++++ Data in this exercise

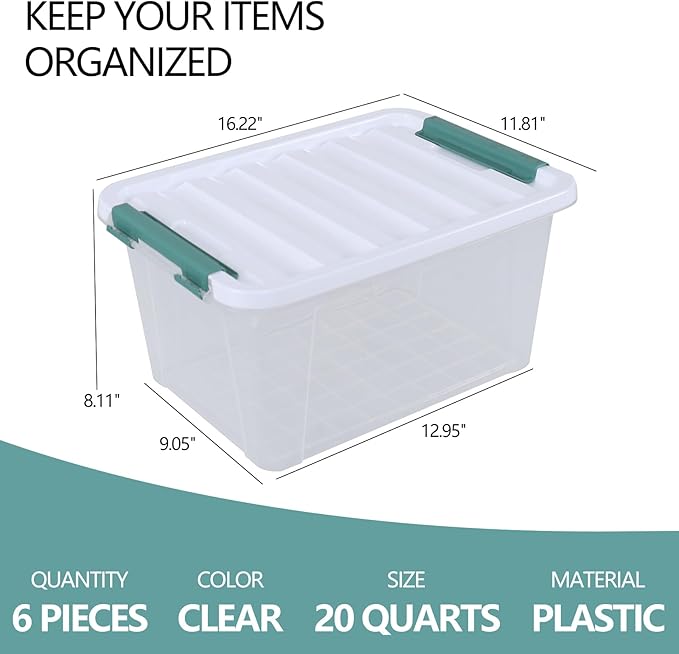 20 Quart Clear Storage Latch Box Set of 6 Plastic Storage Containers with Lids
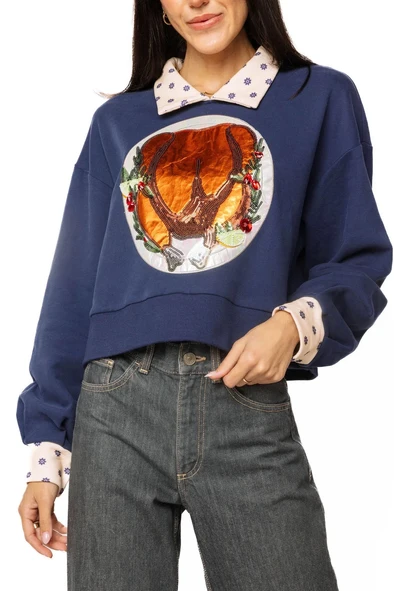 COLLARED TURKEY SWEATSHIRT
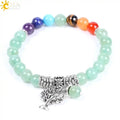 CSJA Seven Chakra Natural 8mm Genuine Gemstone Green Aventurine Tree of Life Reiki Healing Crystal Beaded Stone Bracelet F127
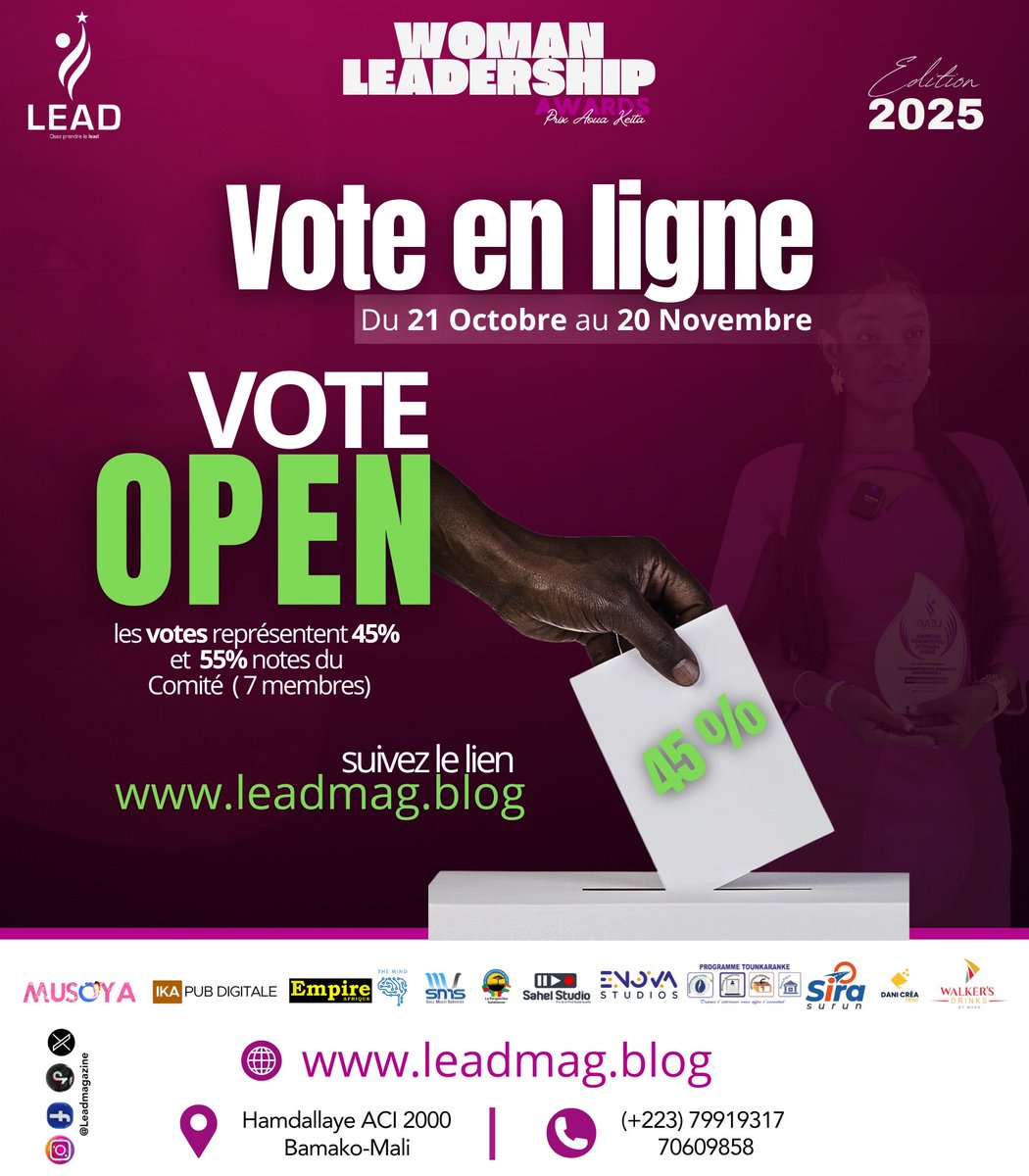 leadmagml's tweet photo. Woman Leadership Awards-Prix Aoua Keïta 2e édition - Ouverture officielle des votes du public sur le https://t.co/uOLvYT9ohs
Plus d’infos : ( +223) 70609858 | 78188418 | 79919317 https://t.co/QYJOFrfK2Q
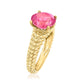 Yellow Gold Plated Over Sterling Silver Pink Topaz Gemstone Solitaire Rings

++++++++

### Work to complete
Each entry should be repeated exactly as it appears; the pictures stay out.

### Solution to this problem
 20 Quart Clear Storage Latch Box Set of 6 Plastic Storage Containers with Lids
 COLLARED TURKEY SWEATSHIRT
 CSJA Seven Chakra Natural 8mm Genuine Gemstone Green Aventurine Tree of Life Reiki Healing Crystal Beaded Stone Bracelet F127
 leadmagml's tweet photo. Woman Leadership Awards-Prix Aoua Keïta 2e édition - Ouverture officielle des votes du public sur le https://t.co/uOLvYT9ohs
Plus d’infos : ( +223) 70609858 | 78188418 | 79919317 https://t.co/QYJOFrfK2Q
 Yellow Gold Plated Over Sterling Silver Pink Topaz Gemstone Solitaire Rings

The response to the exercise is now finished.